BEGIN

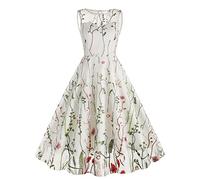 Azruma Tunika Kleid Damen Kleid A Linie Sommer Sommerkleid Damen Weiß Badekleider Vintage 50Er Jahre Blumendruck Rundhals Ärmellos Rockabilly A-Line Swing Kleid Langarm Kleider Damen (Weiß, XXL)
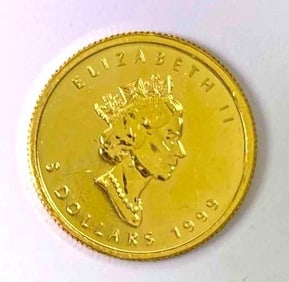 1999 Canadian Maple Leaf 1/10 oz. 999 Gold Coin
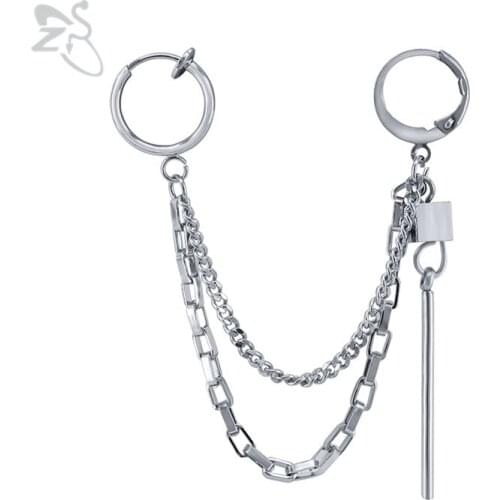 ZS Stainless Steel Round Earrings for Women Men Star Earrings Double Piercing Long Tassel Korean Earring hiphop pendientes mujer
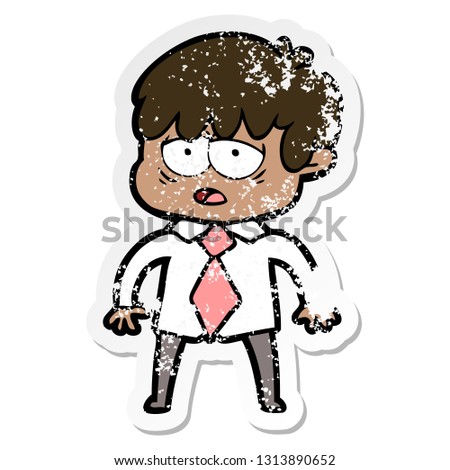distressed sticker of a cartoon exhausted boy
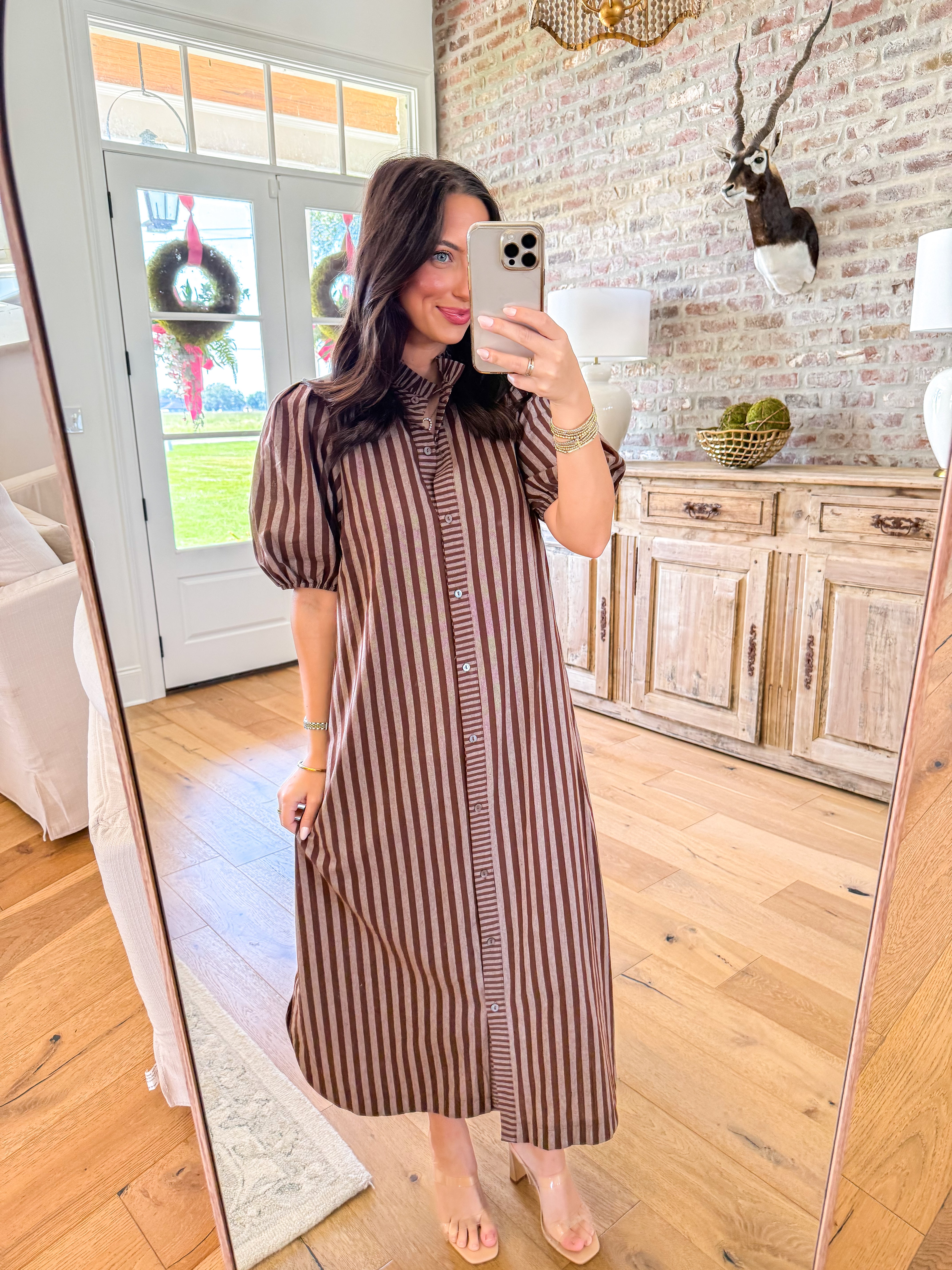 The Briar Striped Midi Brown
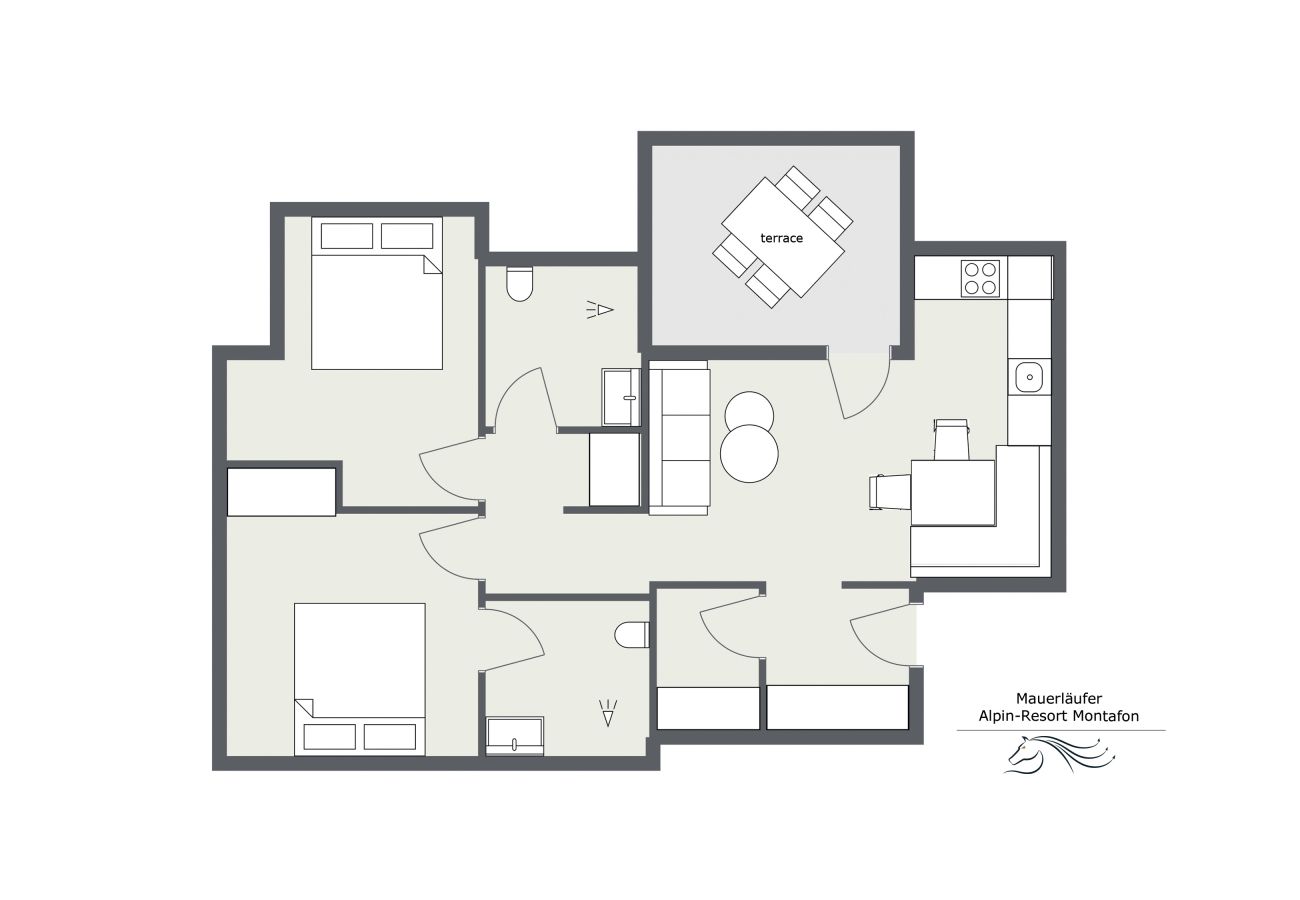 Appartement in Gargellen - 60m2 Ferienwohnung an der Skipiste in Gargellen | 323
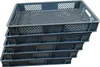 A stack of five gray plastic crates, viewed from a slightly elevated angle. Produktbild-Vorschau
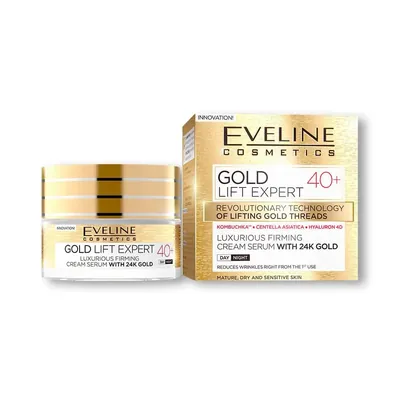 Крем-сироватка для обличчя Eveline Gold Lift Expert 40+ зміцнюючий, 50 мл
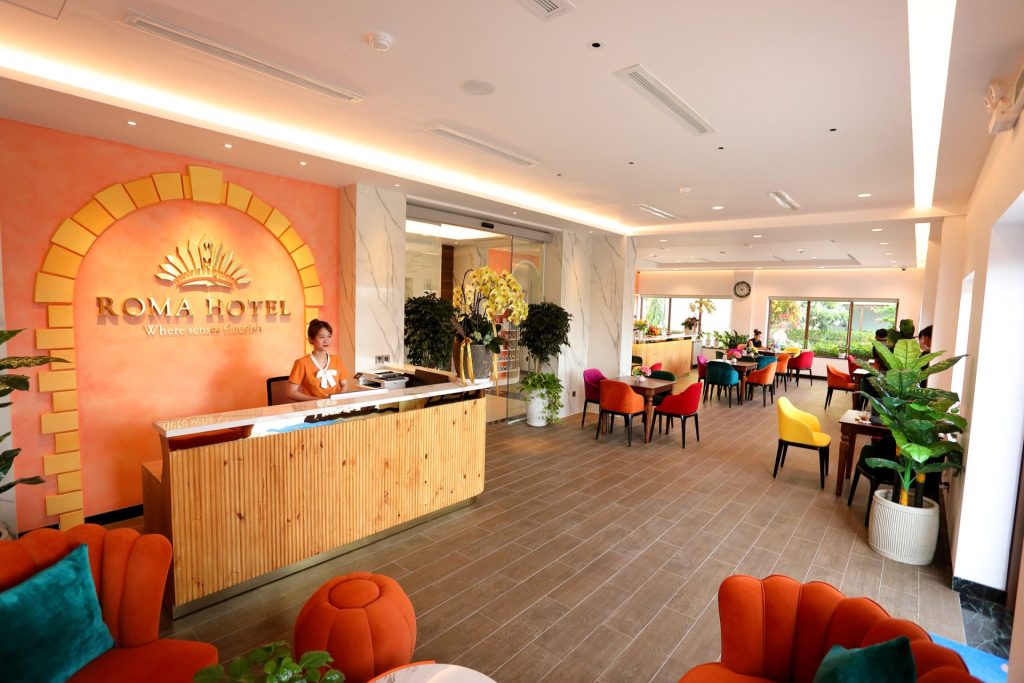 Reception lobby of Roma Hotel, Sunset Town, Phu Quoc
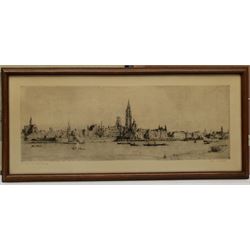 Douglas Ian Smart (British 1879-1970): 'Limoges', drypoint etching signed in pencil, titled verso on gallery label; Romain Malfliet (Belgian 1910-2006): Busy Continental River, etching signed titled and numbered 43/100 in pencil; and a further Scottish coastal etching signed Walter Towers, max 24cm x 68cm (3)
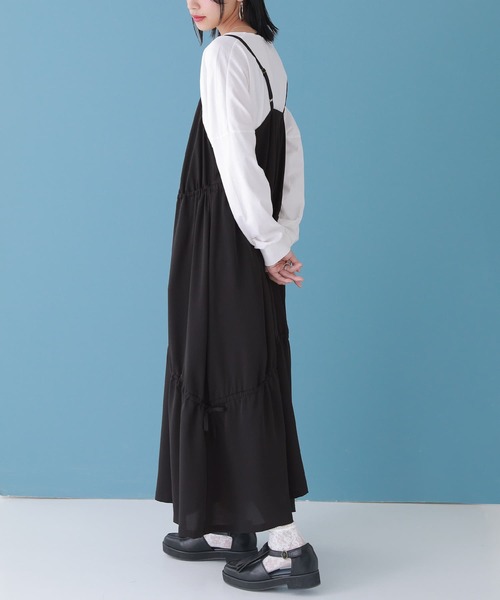 osharewalker(オシャレウォーカー)の「【廃盤】『ドロストギャザーキャミワンピース』(ワンピース・レディース・ブラック/モカ/グリーン・1/2)」の7枚目の写真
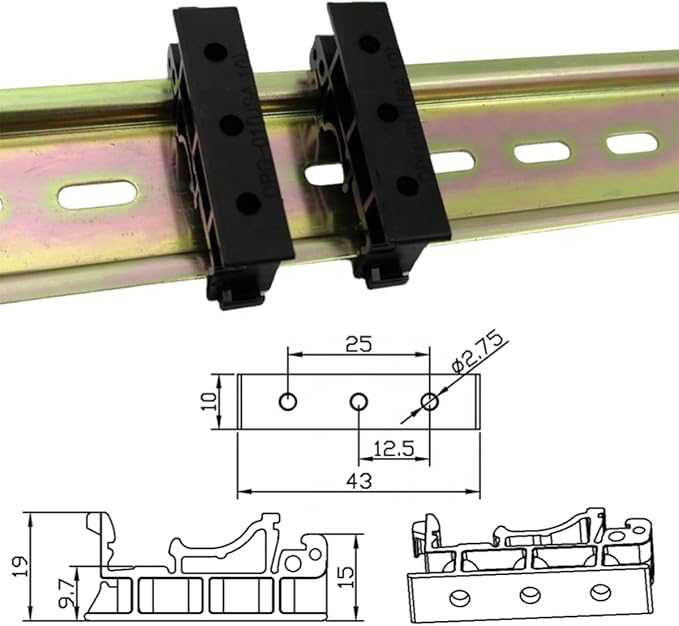 50Sets C45 DIN Rail PCB Mounting Black Bracket Holder Carrier Clips for Width 35mm or 15mm Din Rail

END

With all pictures excluded, output exactly the lines from the one containing "Reception lobby of" through the final line of the entries, inclusive.

 Reception lobby of Roma Hotel, Sunset Town, Phu Quoc
 Douglas Ian Smart (British 1879-1970): 'Limoges', drypoint etching signed in pencil, titled verso on gallery label; Romain Malfliet (Belgian 1910-2006): Busy Continental River, etching signed titled and numbered 43/100 in pencil; and a further Scottish coastal etching signed Walter Towers, max 24cm x 68cm (3)
 osharewalker(オシャレウォーカー)の「【廃盤】『ドロストギャザーキャミワンピース』(ワンピース・レディース・ブラック/モカ/グリーン・1/2)」の7枚目の写真
 50Sets C45 DIN Rail PCB Mounting Black Bracket Holder Carrier Clips for Width 35mm or 15mm Din Rail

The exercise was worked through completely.